Well the judgement is made, published on 31st March 2011.
We are still waiting to see the full judgement so our ability to make informed comment is limited to the two press releases in the two previous posts. The first is prepared by the National Bargee Traveller’s Association and edited by Paul, the second is from the British Waterways website.
There is already a huge amount of speculation about what this means in practice, understandably so as it affects so many people’s lives and chosen lifestyles. There seems to be very little point in drawing any conclusions until the judgement is public, whereas it is already in the public domain it will take a while before it becomes accessible to all.
In the meantime you can read the two press releases.
There are a few facts that seem to be emerging;
One is that BW have asked for an injunction to get Paul to remove his boat within three months. BW state that they have this injunction, Paul says that there is an extra process and asks us to make no comments about the judge as the future of his home is in the judge’s hands.
The second is that the additional statement in BW’s statement that the judgement applies to lower courts is wrong – well maybe not wrong but there are no lower civil courts than the County Court.
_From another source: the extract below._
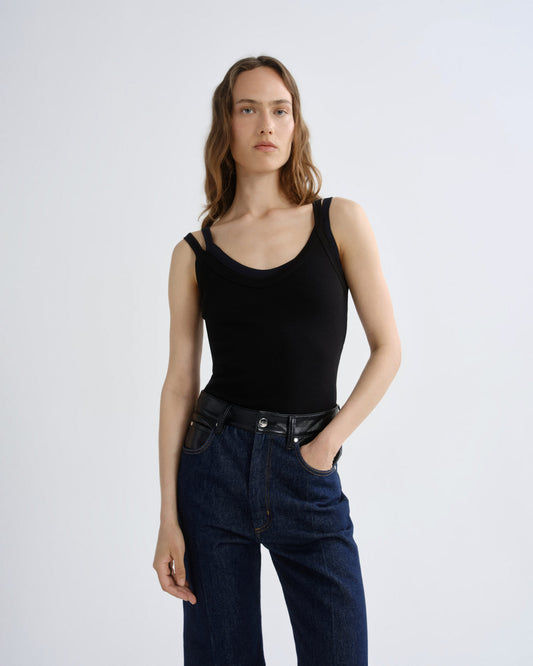 Women Jordan Tank in Black - Agolde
The judgement does not apply to any other case and the judge has stated that any other Section 8 notice must be accompanied by an opportunity for the boat owner to defend themselves in court.
The third is that BW will have to rewrite the contentious “Moorings Guidance to Continuous Cruisers”. We can only hope that part of this will be to drop the horrible expression “Continuous Cruisers” giving, as it does, the impression of the Flying Dutchman, cruising the canals with no cessation or peace.
We will examine the ruling as soon as we possibly can.